Richard II de William Shakespeare, traduction de Jean-Michel Déprats, mise en scène de Christophe Rauck

Richard II de William Shakespeare, traduction de Jean-Michel Déprats, mise en scène de Christophe Rauck

«Asseyons-nous, et racontons la triste histoire de la mort des rois ». Et c’est Richard II lui-même (Micha Lescot) qui nous y invite, rappelant à quel point la vie d’un roi d’Angleterre (on ne parle pas d’une reine de Grande-Bretagne) est fragile, menacée, disputée en ces temps shakespeariens. Richard II semble croire en la royauté sacrée, mais pas vraiment en lui-même comme roi. Un peu rapide et désinvolte, il tranche la querelle entre Mowbray et Bolingbroke (Guillaume Lévêque et Éric Challier), le second accusant le premier, de l’assassinat de son cousin, crime où le roi pourrait avoir trempé. Pas de «jugement de Dieu», interdiction de trancher la querelle à l’épée, sinon ce sera l’exil. À vie pour le compromettant Mowbray et pour dix ans, réduits à six, pour le cousin (et futur successeur du roi) Bolingbroke. Rompez.

 © Ch. Raynaud de Lage

© Ch. Raynaud de Lage

Richard pourra partir en guerre contre les révoltés d’Irlande. Oui mais… La guerre demande de l’argent et il n’en a plus. Pourquoi alors ne pas confisquer les biens des bannis ? Mauvaise idée et à courte vue, nous le verrons. Christophe Rauck et son dramaturge Lucas Samain ont fait maigrir le texte, juste ce qu’il faut, de quoi en affiner les muscles. Cela vaut aussi pour la scénographie d’Alain Lagarde comme pour la direction des acteurs.

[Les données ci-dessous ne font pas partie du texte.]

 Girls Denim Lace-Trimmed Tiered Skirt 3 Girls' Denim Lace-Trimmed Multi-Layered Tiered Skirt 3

Sur le plateau, deux tribunes s’écartent pour le libérer : on reconnaît le dispositif de la Chambre de Communes, image importante qui devrait rappeler sans cesse à Richard de ne pas oublier son peuple. Ce qu’a bien compris Bolingbroke, le «populiste»… Les tribunes glissent, roulent et se placent, en un mouvement et un rythme impeccables, pour devenir rivages marins, jardins, collines… Pour la clarté de l’histoire et pour sa rapidité, les noms des lieux sont projetés sur un tulle et pour donner quand même une place au lyrisme et à l’hyperbole, des vidéos d’immenses vagues en furie sont projetées au lointain. C’est peu, c’est beaucoup et cela fonctionne à la perfection.

Les acteurs ont la même efficacité; ici, on ne perd pas de temps avec les nuances psychologiques et on affronte les situations et pulsions qui en sont l’origine ou la conséquence. Ainsi Micha Lescot fait vaciller la démarche du roi, entre son royaume qui lui pèse et l’encombre, et sa royauté qui le tient.
L
a reine (Cécile Garcia-Fogel) joue sur le versant prophétique de l’amour et là où son Richard exprime sa tendresse, elle dit ses craintes. Comme un tour de passe-passe, en quelques secondes, Thierry Bosc quitte la défroque de Jean de Gand mourant ( le duc de Lancaster, pour la clarté de la suite…) et revient en duc d’York, protecteur du royaume en l’absence du roi. De l’intraitable loyauté du premier, il passe à la fermeté plus que chancelante du second : il se déclare assez vite «neutre» devant la progression rapide des armées de Bolingbroke, le nouveau duc de Lancaster venu reconquérir ses biens. Humour shakespearien…
Tous dont les jeunes comédiens venus de l’école du Théâtre du Nord, ont la même économie de jeu : engagement physique et précision dans l’interprétation, comme on le dirait de musiciens.
Cela tient beaucoup à la traduction de Jean-Michel Déprats : une véritable machine à jouer : rythme, humour, jeux sur les mots… Aux acteurs de lui donner chair. Ce qu’ils font tous, avec générosité. Et peu à peu, sous l’épopée, nous voyons naître la tragédie. Bolingbroke a voulu d’abord défendre son bien, son titre et son orgueil mais n’a jamais cessé de regarder et d’écouter le peuple, d’où l’importance de la tribune des Communes, signe de la légitimité qu’il pourrait en recevoir. Son ambition royale est déjà à l’œuvre.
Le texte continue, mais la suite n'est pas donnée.